In the example we included Javascript and CSS into the HTML website. Remember that for every new invocation of the visualization the entire CSS en JS are copied and transferred as well. This is a waste of (redundant) bandwidth as we could save the files in the static directory and refer to them within the HTML. The browser shall check it’s cache for the presence of libs and style sheets and only update them if they have changed.

Improvements

Another thing you may realize is that we still do the calculation (pysam.idxstats) server side. Although this is a marginal calculation, it is causing delay and the bigger the files, the worse this delay becomes. The underlying problem is that we did not obtain and parse the BAI file via Javascript. This would be a more elaborate solution, but requires more development time as we need to develop a function able to parse the binary file.

Another thing we could do is create a static samtools idxstats tool, that creates a file of datatype tabular.Idxstats and include that datatype into Galaxy. We then make the visualization specific for that datatype, just plotting the results of the idxstats.
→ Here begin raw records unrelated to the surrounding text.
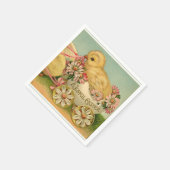 Vintag Sweet Fluffy Chick Oaster Serviette (Ecke)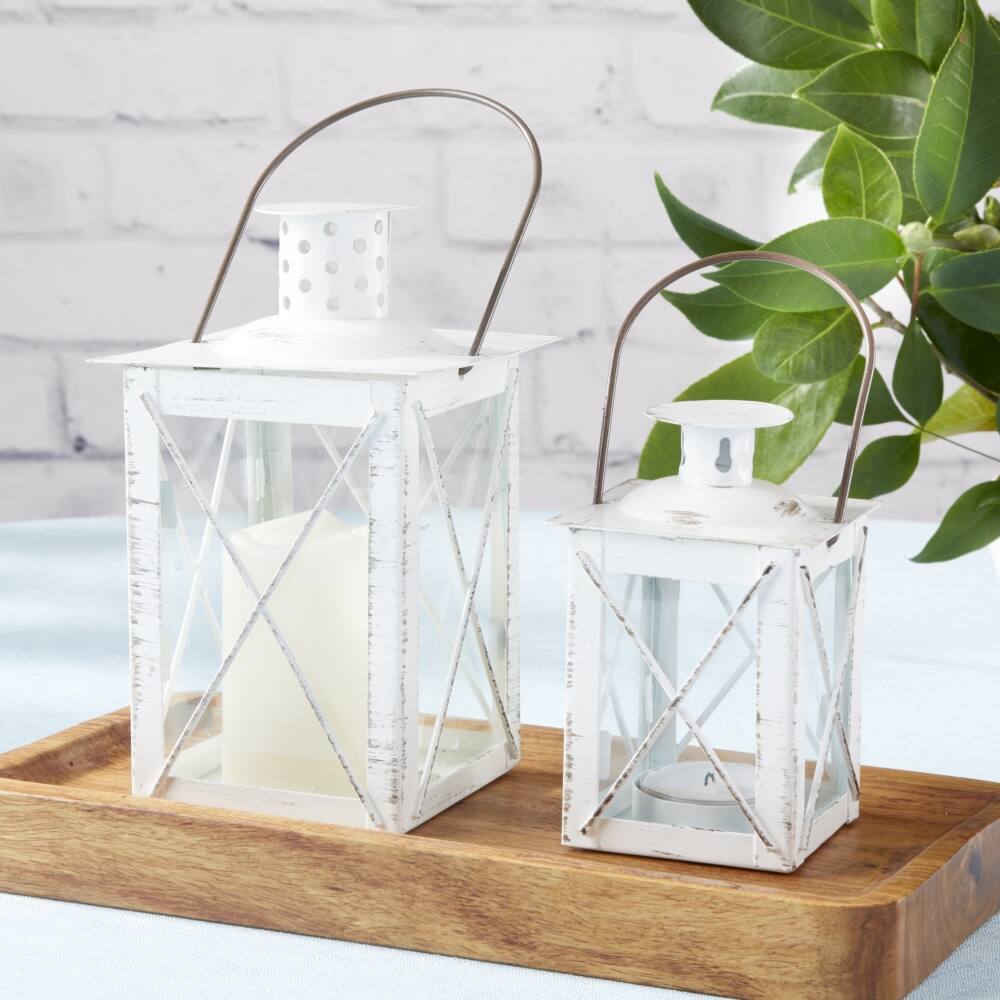 Kate Aspen® Medium Luminous White Lantern Tea Light Holder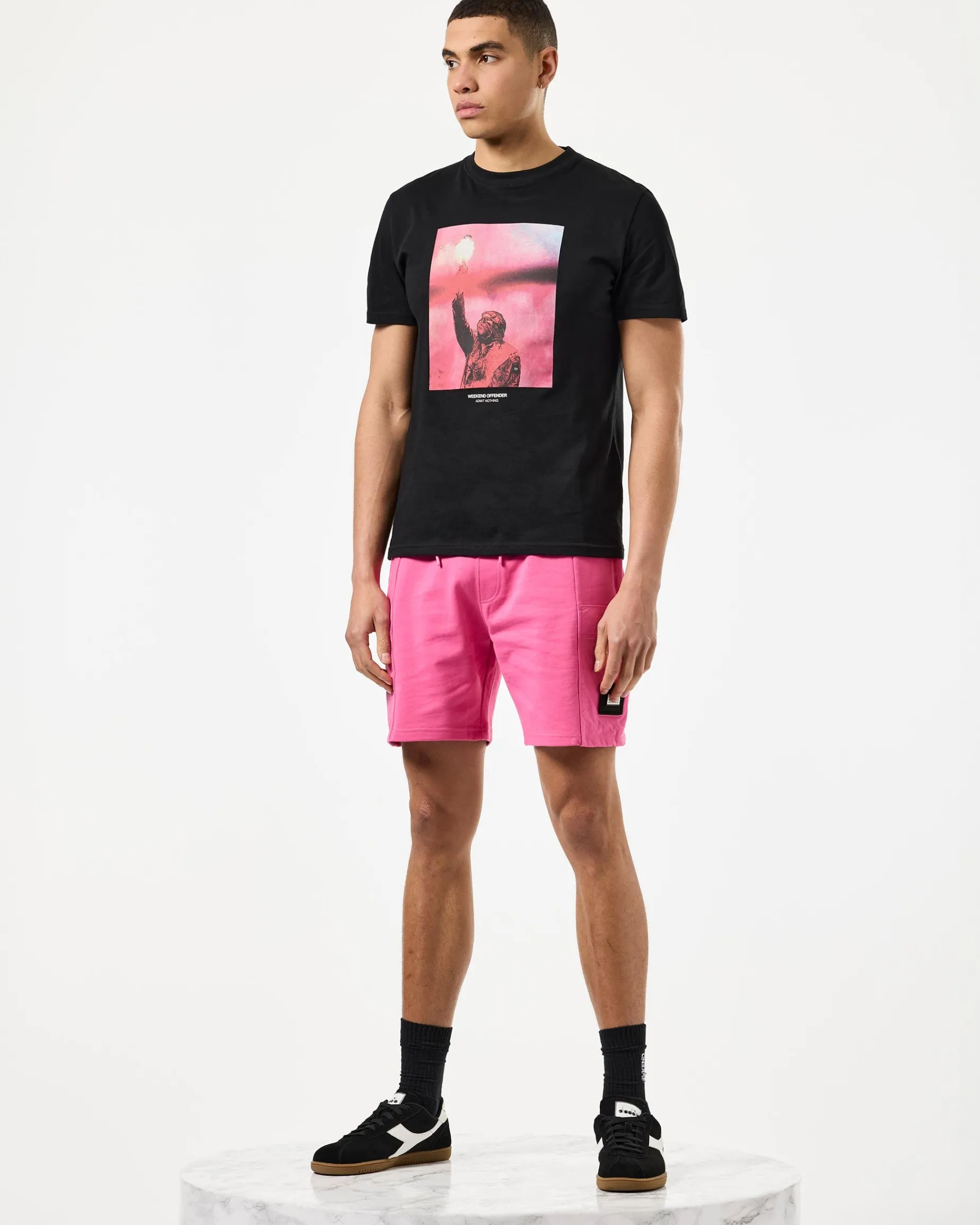 Bagliore Grafik-T-Shirt Schwarz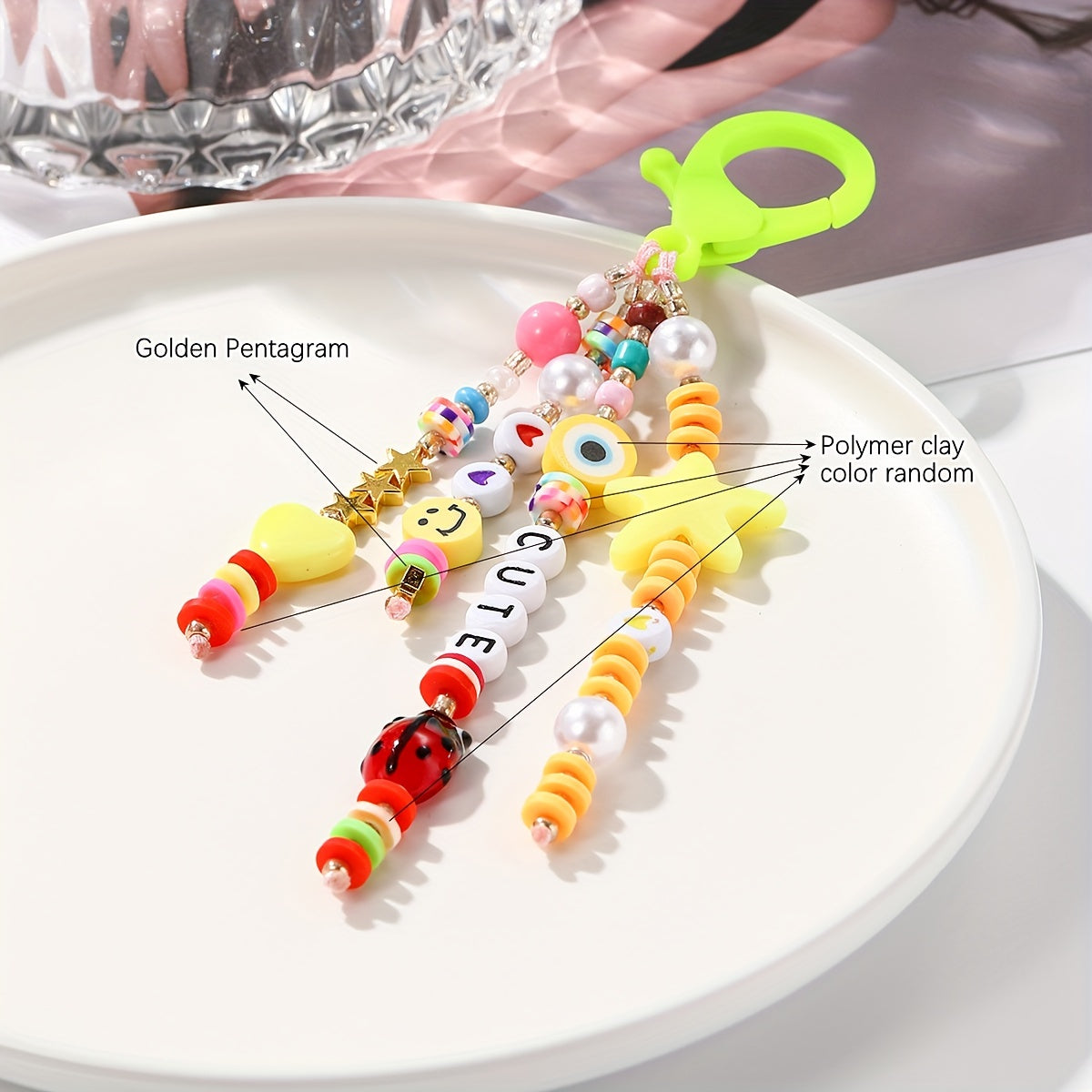 Letter Bead Ornament Keychain Bag Car Key Pendant Decor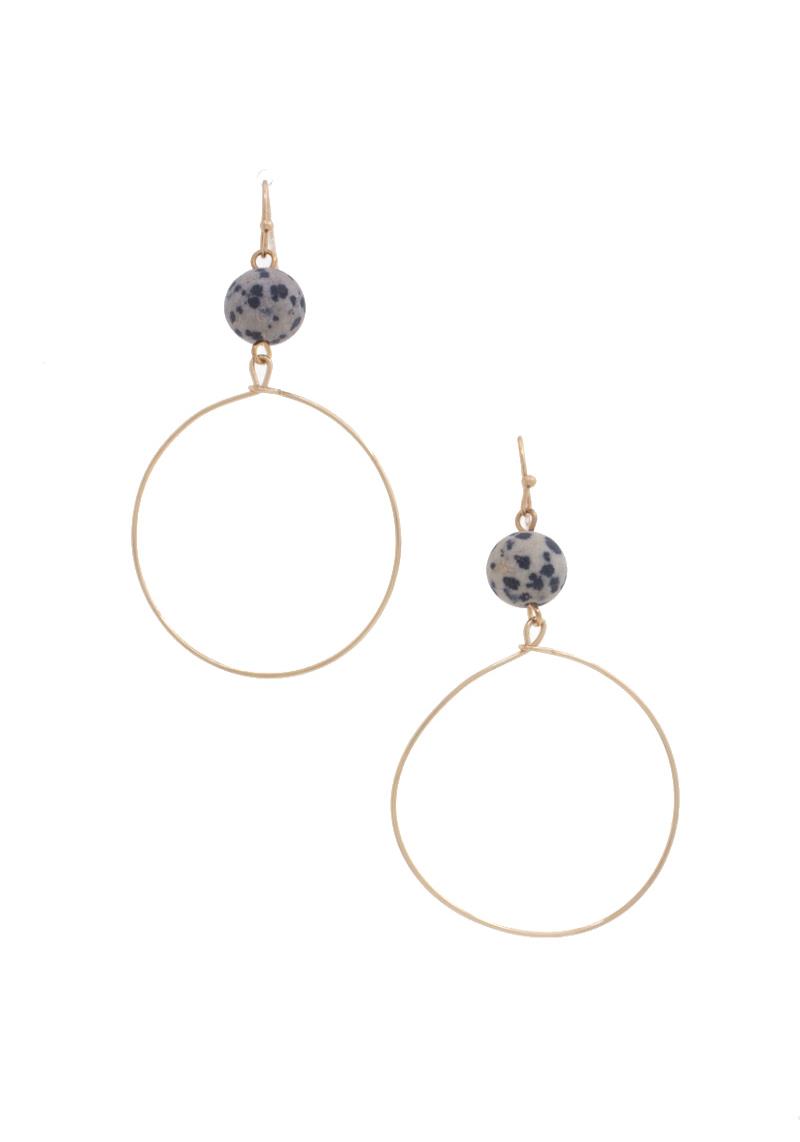 METAL ROUND STONE DANGLE EARRING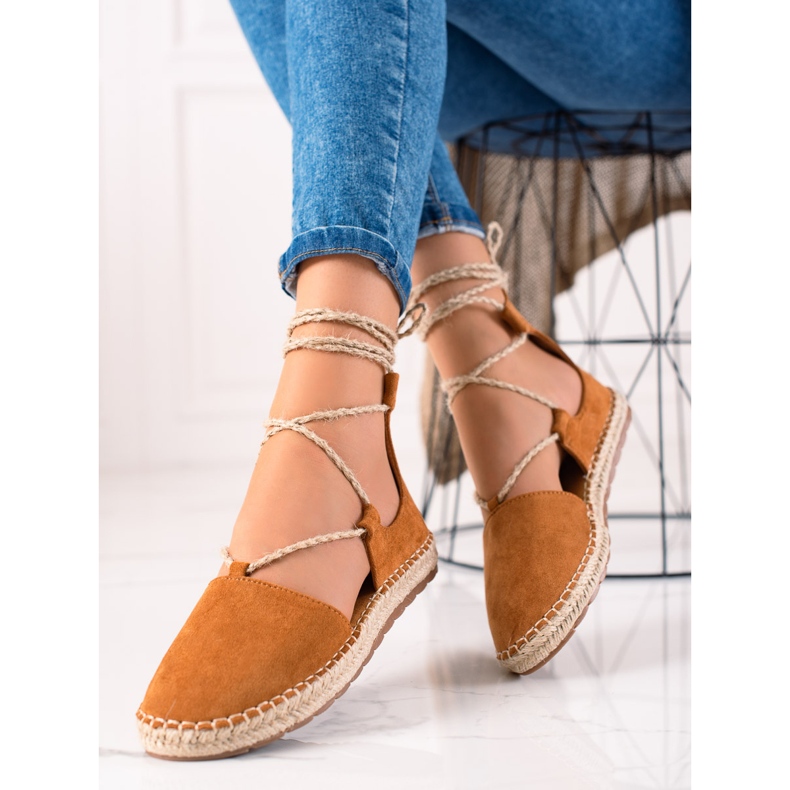 Lucky Shoes Alpargatas de camelo amarradas marrom 1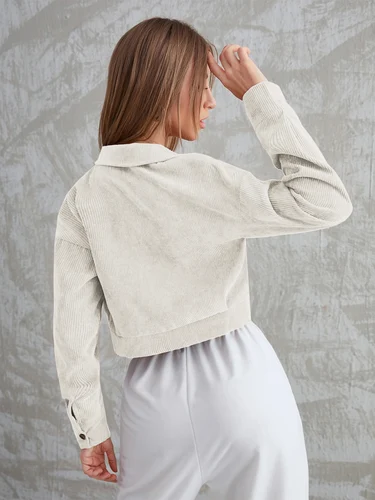 Imagen 2 del producto Chaqueta de pana de manga larga para mujer, nueva, estilo casual, con solapa, acolchada, con un solo botón, elegante, para otoño e invierno.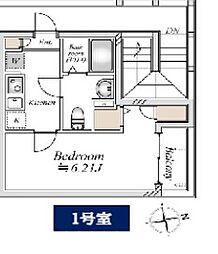 北坂戸ヒルズ 1階1Kの間取り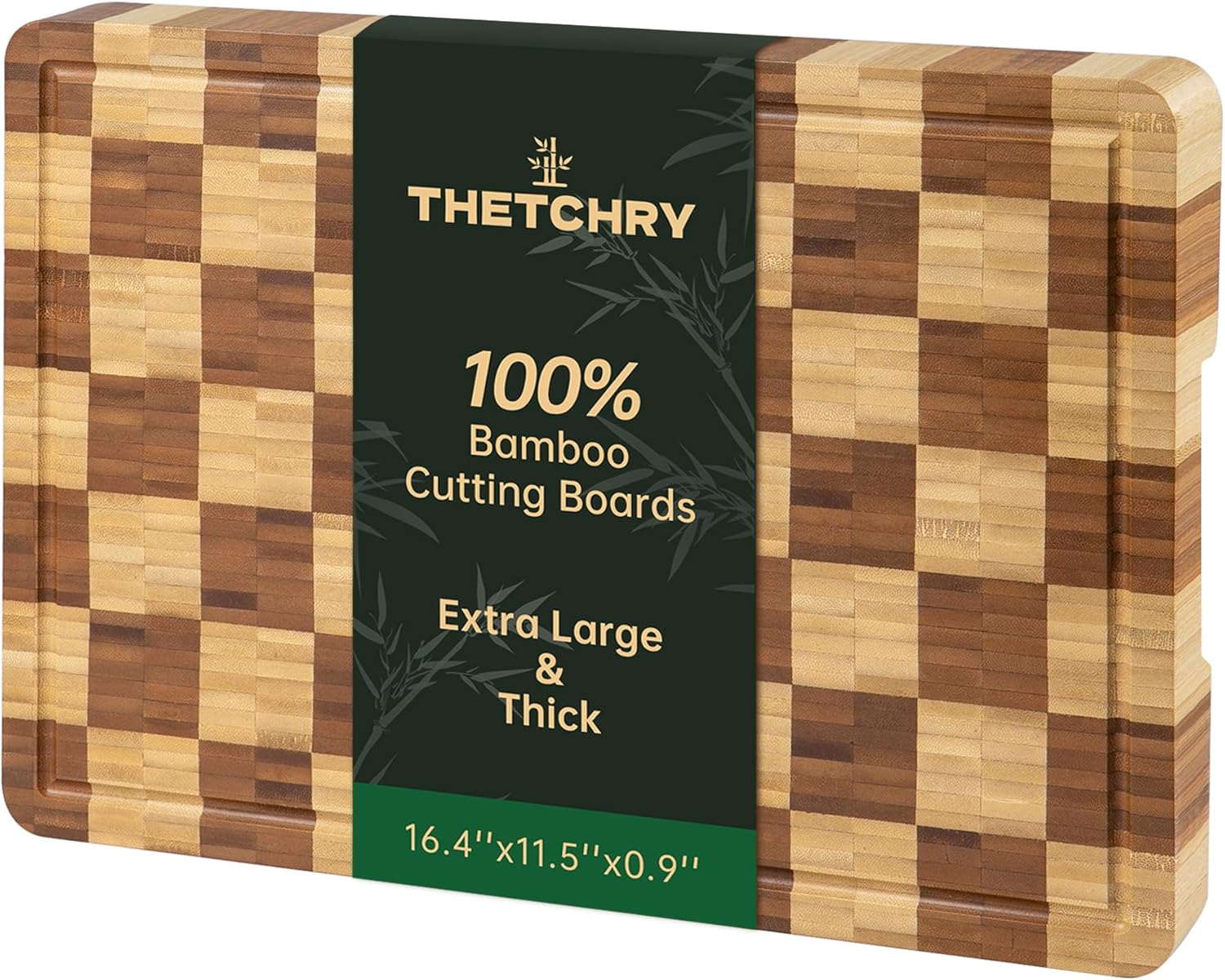 Bamboo Cutting Boards for Kitchen, End Grain Wood Cutting Board with Juice Grooves & Handles, Charcuterie Checkered Chopping Board Thick Butcher Block Serving Tray with Gift Box, 16.4"×11.5"× 1"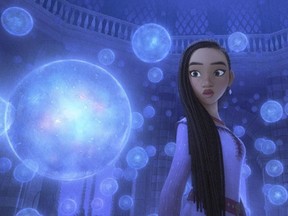 Asha, voiced by Ariana DeBose, in a scene from the animated film Wish.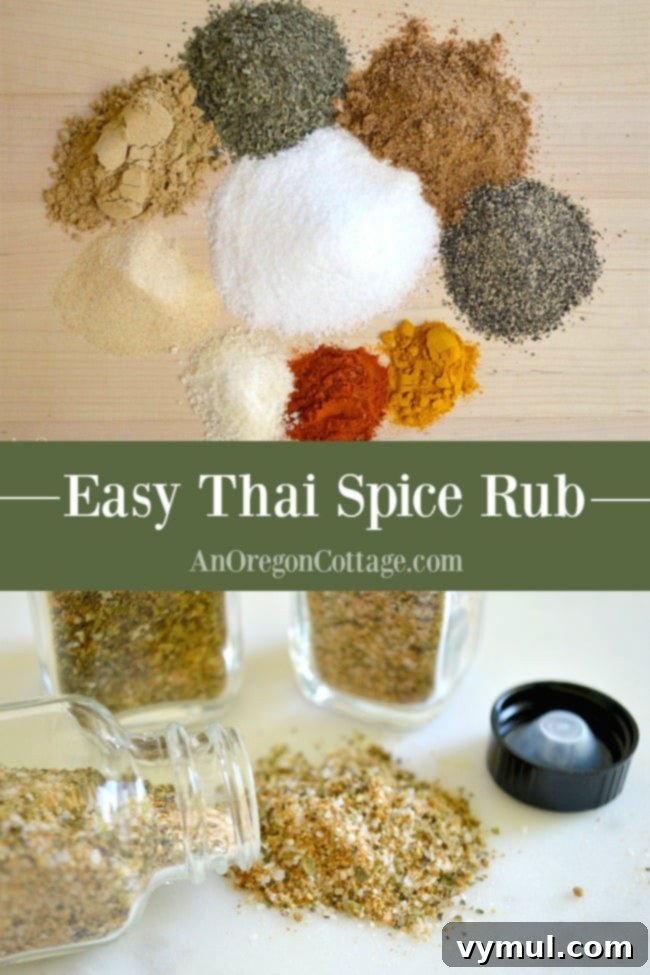 Simple and Delicious Thai Spice Rub 8 Easy Thai Spice Rub pin - Bright tasting with a hint of citrus, this Thai spice rub recipe makes grilled and roasted meats and vegetables SO good! Such a great addition to any Asian inspired meal. #spicerub #spices #Thai #Asian #grilling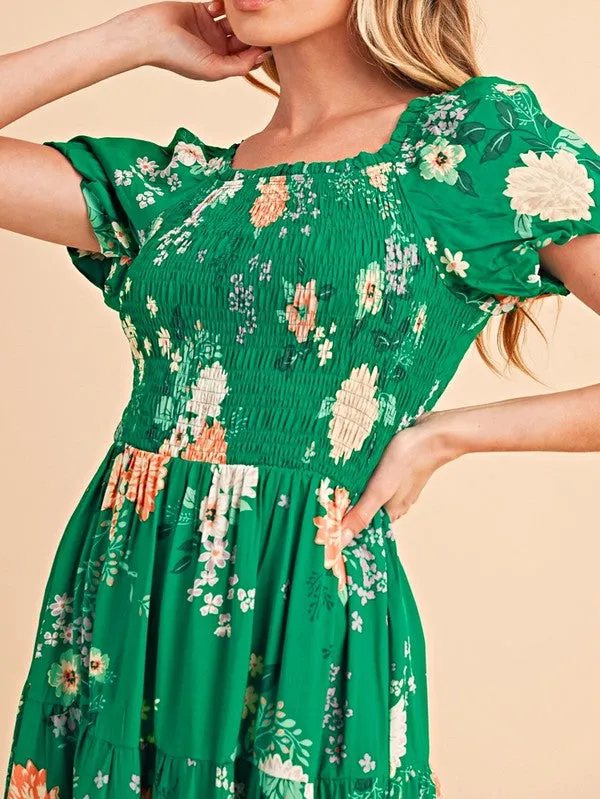 Green Floral Bubble Smocked Tiered Midi Dress sold by Charming Charlie product image thumbnail 5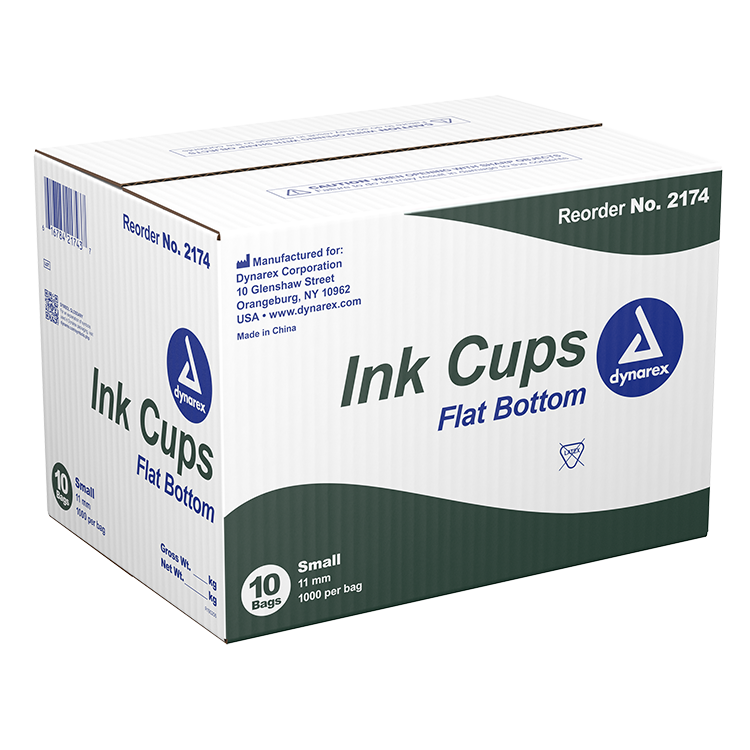 Dynarex Ink Cups - Flat bottom, 11 mm, Small 1000ea/bag, 10bags/case (10000 Count) Dynarex Ink Cups - Flat bottom, 11 mm, Small 1000ea/bag, 10bags/case (10000 Count)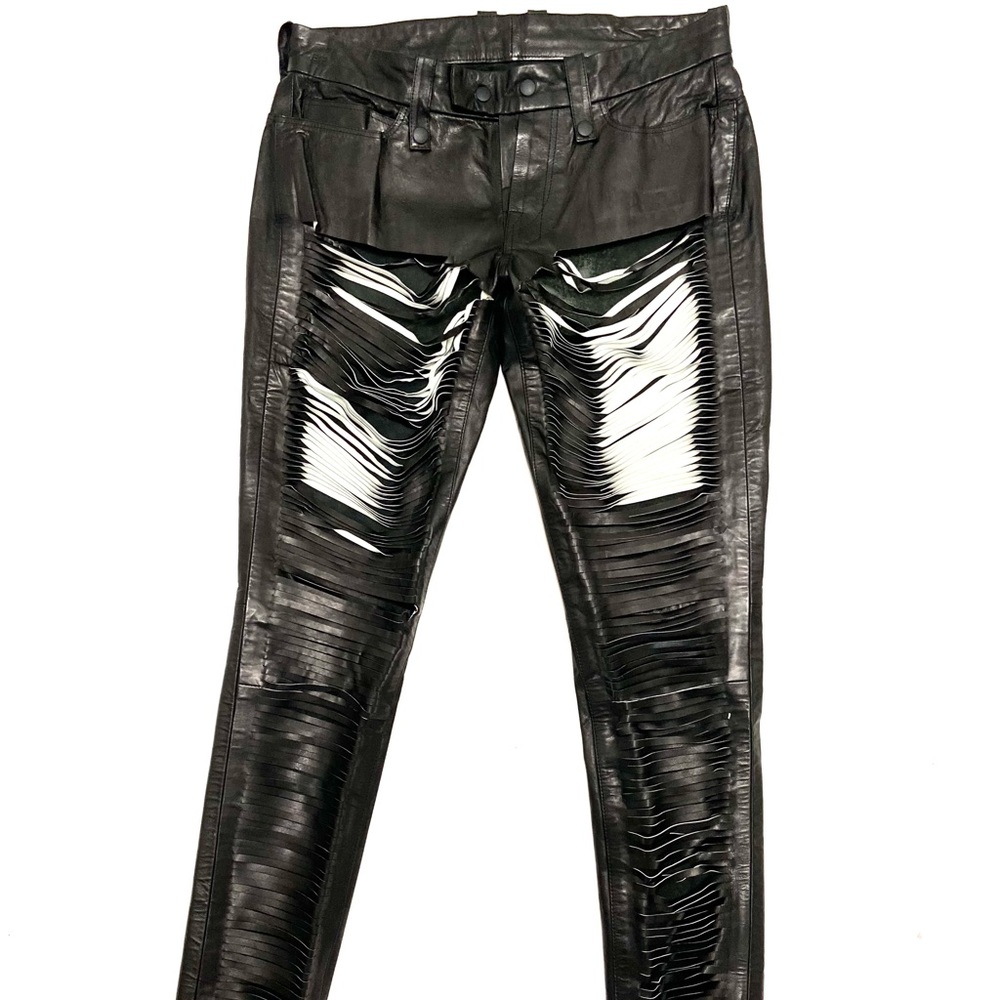 Unravel project black leather pants.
A fundamental and more complicated problem is that BAM files are simply too big to transfer for these kind of applications. It would be ideal to have web server integration that allows querying of specific locations or metadata within or from a BAM file where indexing operations are taken care of at the server side. This is what has been done in Trackster.

More examples

For more examples of visualization plugins, you can browse this GitHub repo

Conclusion

We have just created a visualization plugin in Galaxy to visualize the number of alignments per RNAME (chromosome) in a BAM file.

keypoints Key points

  • Visualizations require a different way of thinking: server and client side; downloading files rather than system level access
  • Interactivity is what makes visualizations different from static tools
  • Requires understanding of both the Galaxy ecosystem as well as HTML5/JS
  • Performance is more important than for static Galaxy tools

congratulations Congratulations on successfully completing this tutorial!